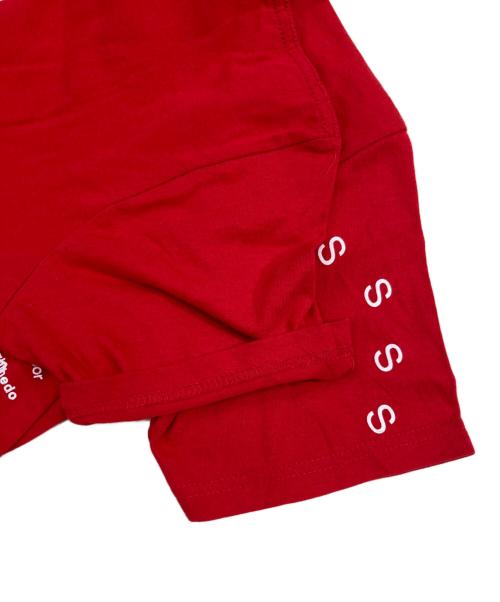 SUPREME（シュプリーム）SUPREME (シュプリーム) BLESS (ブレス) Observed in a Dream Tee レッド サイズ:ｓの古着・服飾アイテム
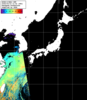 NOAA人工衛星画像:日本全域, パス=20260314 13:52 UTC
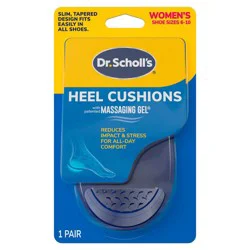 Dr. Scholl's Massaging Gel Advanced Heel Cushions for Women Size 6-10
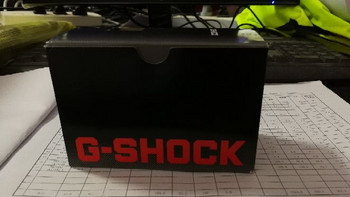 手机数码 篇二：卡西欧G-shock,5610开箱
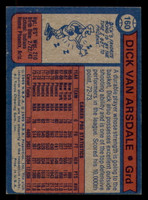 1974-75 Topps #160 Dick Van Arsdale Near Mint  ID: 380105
▬▬▬
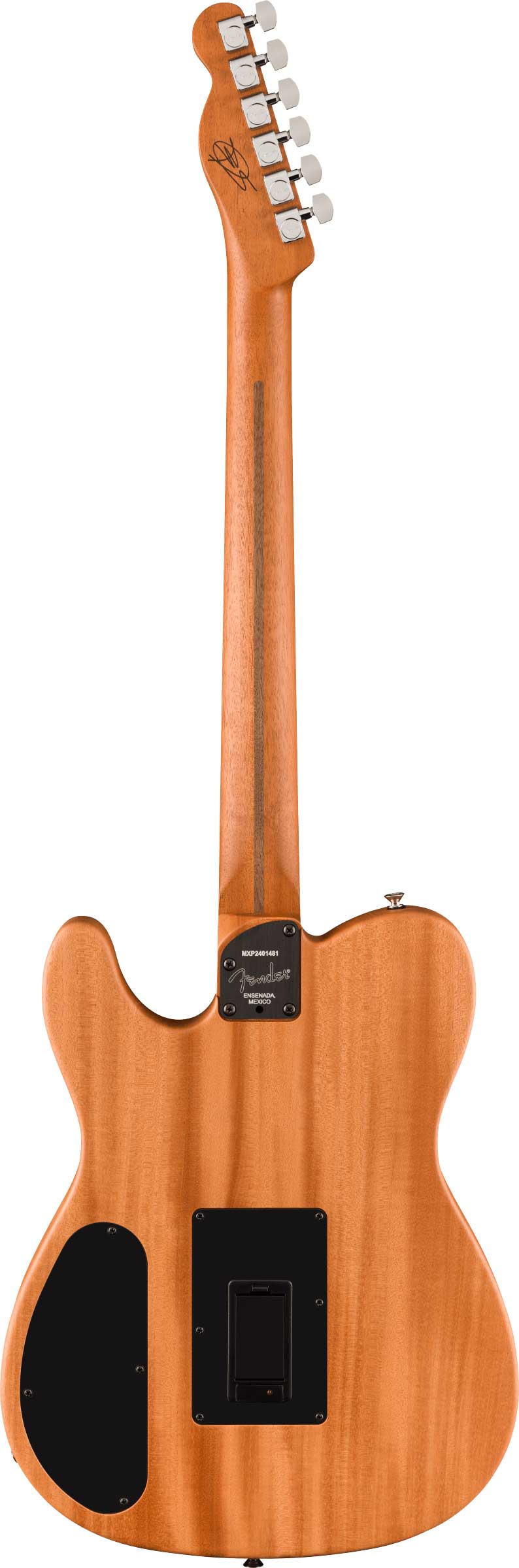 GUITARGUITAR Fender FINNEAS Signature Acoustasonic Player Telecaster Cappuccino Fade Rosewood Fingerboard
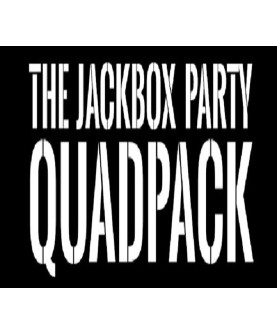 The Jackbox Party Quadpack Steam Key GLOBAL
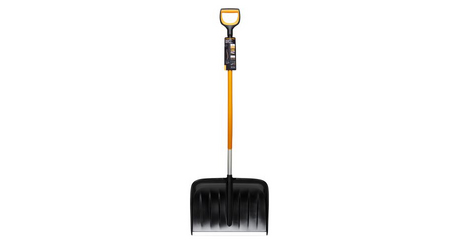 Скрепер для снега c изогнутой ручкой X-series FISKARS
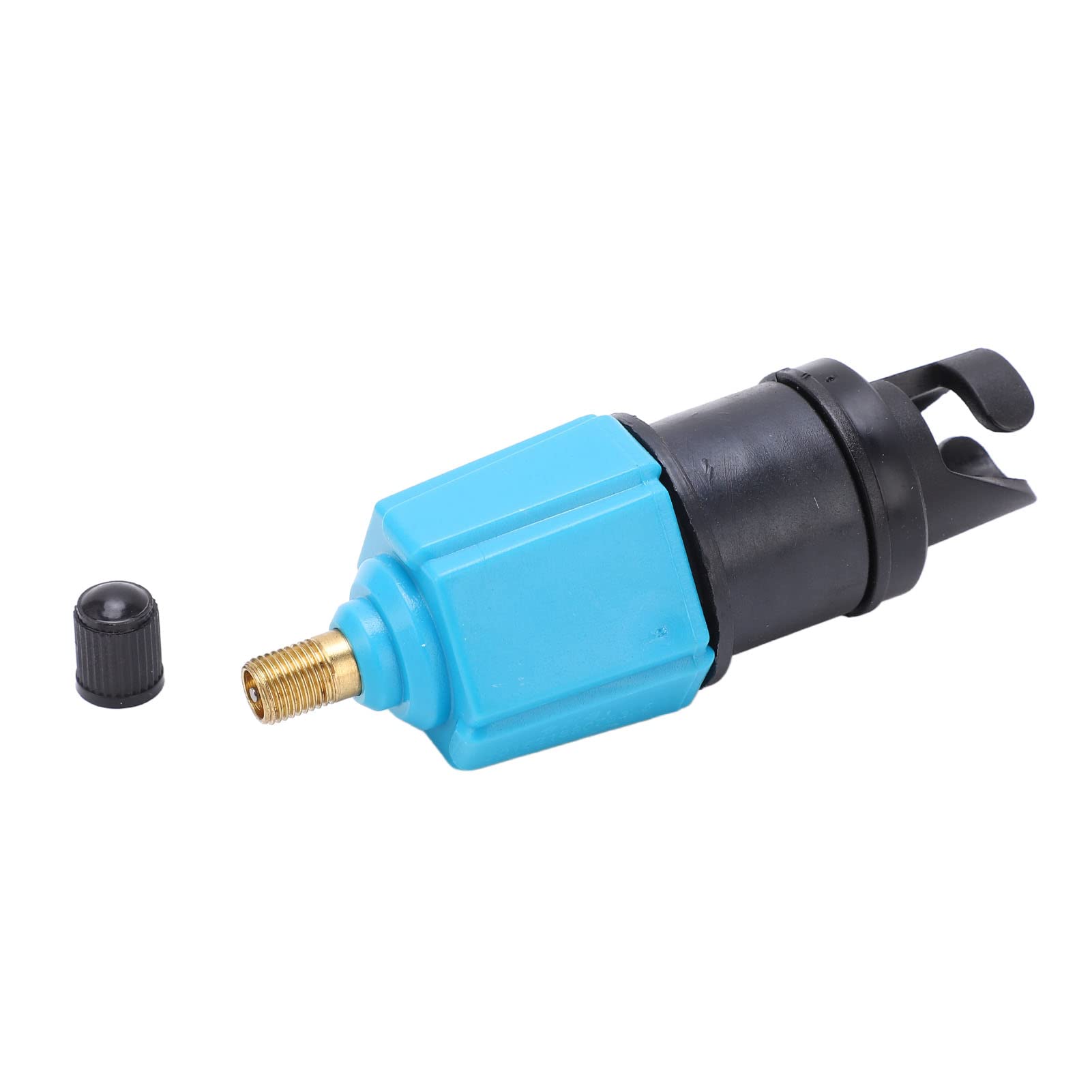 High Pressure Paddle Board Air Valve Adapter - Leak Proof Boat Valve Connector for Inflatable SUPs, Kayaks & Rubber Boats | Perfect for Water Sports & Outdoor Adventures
▬▬▬
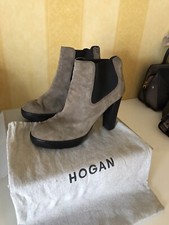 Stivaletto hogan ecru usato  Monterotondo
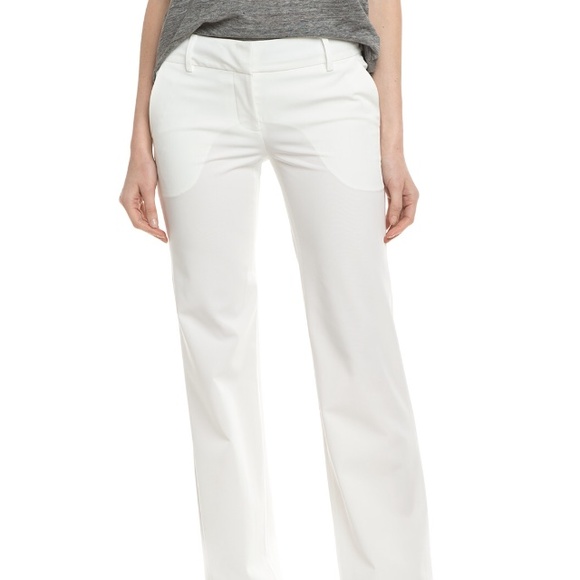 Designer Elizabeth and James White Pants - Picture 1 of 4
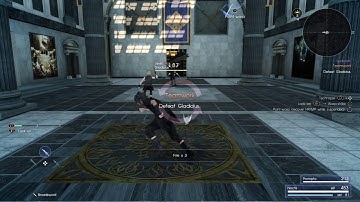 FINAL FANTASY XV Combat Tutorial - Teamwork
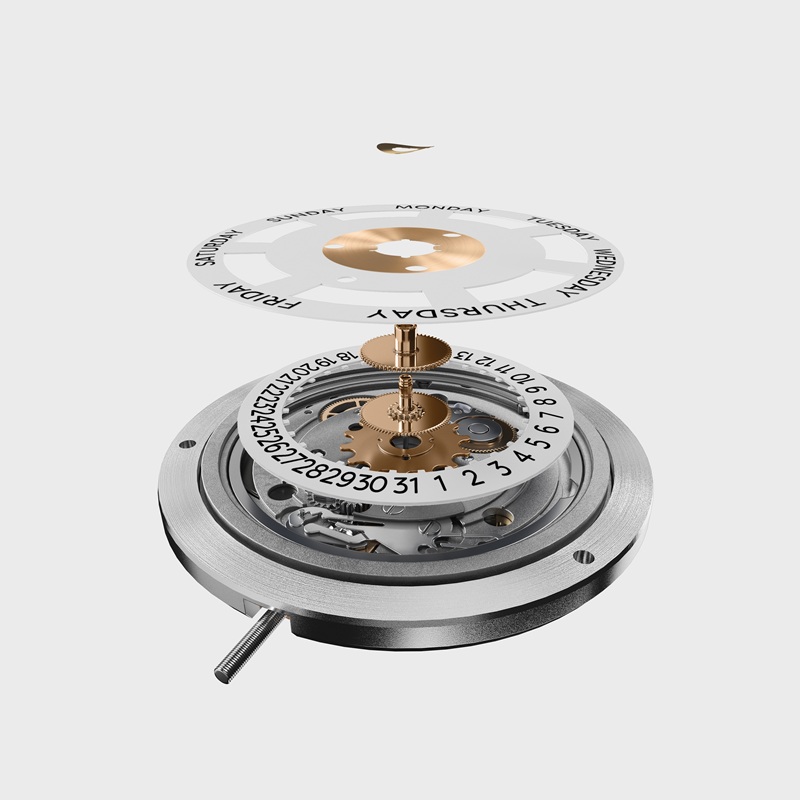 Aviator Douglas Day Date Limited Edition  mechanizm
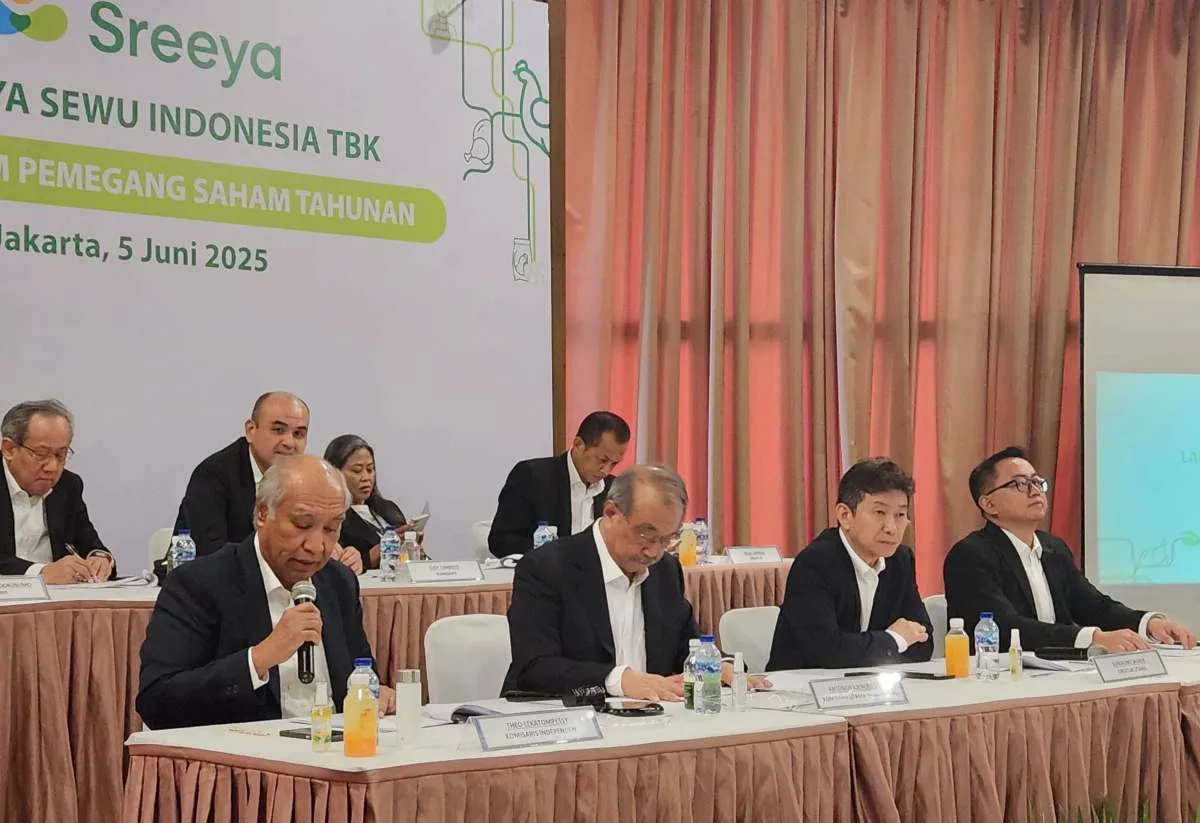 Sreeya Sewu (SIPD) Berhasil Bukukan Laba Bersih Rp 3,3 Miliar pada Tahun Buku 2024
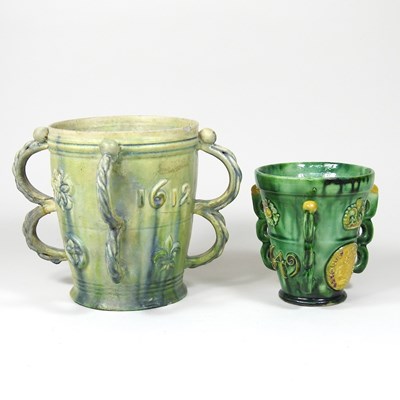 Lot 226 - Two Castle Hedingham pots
▬▬▬
When you reach the line holding "The Jackbox Party Quadpack Steam Key GLOBAL" in the listing above, begin retyping exactly, and stop once the line holding "High Pressure Paddle" is done; pictures stay out.

 The Jackbox Party Quadpack Steam Key GLOBAL
 Скрепер для снега c изогнутой ручкой X-series FISKARS
 High Pressure Paddle Board Air Valve Adapter - Leak Proof Boat Valve Connector for Inflatable SUPs, Kayaks & Rubber Boats | Perfect for Water Sports & Outdoor Adventures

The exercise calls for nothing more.